[Records from a collection]
- - -

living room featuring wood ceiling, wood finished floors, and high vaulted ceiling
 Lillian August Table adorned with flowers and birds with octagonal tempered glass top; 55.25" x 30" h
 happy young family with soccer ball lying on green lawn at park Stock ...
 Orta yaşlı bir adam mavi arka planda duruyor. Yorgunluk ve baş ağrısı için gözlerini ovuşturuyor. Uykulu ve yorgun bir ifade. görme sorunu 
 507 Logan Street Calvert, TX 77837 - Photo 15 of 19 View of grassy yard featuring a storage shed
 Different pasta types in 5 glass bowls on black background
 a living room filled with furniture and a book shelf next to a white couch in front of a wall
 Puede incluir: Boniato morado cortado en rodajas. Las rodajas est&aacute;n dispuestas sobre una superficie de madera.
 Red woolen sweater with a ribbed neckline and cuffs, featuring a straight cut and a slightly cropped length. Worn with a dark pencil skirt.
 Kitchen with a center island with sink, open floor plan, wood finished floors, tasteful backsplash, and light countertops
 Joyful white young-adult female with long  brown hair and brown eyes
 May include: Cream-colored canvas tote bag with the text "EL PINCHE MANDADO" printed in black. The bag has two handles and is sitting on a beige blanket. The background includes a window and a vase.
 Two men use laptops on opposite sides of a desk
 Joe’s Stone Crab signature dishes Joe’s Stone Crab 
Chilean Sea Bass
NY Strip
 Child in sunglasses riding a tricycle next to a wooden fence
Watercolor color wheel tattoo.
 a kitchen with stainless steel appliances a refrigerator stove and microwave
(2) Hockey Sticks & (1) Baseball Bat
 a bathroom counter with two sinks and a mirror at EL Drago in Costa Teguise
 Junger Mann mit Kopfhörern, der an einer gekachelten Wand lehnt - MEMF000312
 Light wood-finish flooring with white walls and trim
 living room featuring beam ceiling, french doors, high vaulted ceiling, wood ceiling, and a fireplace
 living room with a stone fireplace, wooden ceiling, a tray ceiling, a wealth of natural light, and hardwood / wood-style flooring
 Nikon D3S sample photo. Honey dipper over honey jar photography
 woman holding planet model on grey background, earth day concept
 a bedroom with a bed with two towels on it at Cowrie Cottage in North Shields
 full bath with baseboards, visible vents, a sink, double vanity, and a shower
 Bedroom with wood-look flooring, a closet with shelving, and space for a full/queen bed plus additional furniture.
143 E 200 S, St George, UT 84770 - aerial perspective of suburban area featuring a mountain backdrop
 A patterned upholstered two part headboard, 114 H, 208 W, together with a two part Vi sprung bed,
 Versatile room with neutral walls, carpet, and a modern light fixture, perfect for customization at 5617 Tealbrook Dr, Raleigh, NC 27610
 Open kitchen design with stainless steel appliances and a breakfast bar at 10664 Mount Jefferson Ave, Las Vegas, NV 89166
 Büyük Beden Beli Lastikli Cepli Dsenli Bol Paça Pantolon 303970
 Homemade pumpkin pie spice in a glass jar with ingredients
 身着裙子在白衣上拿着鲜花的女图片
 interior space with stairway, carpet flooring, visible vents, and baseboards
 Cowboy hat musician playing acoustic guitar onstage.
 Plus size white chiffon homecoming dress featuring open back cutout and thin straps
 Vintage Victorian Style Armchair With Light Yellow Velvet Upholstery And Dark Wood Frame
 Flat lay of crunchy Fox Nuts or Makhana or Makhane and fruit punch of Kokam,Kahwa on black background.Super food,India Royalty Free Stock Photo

- - -

**Work to complete**
With "young" as the string to find, copy every line of the records that holds it.

**Solution for this exercise**
 happy young family with soccer ball lying on green lawn at park Stock ...
 Joyful white young-adult female with long  brown hair and brown eyes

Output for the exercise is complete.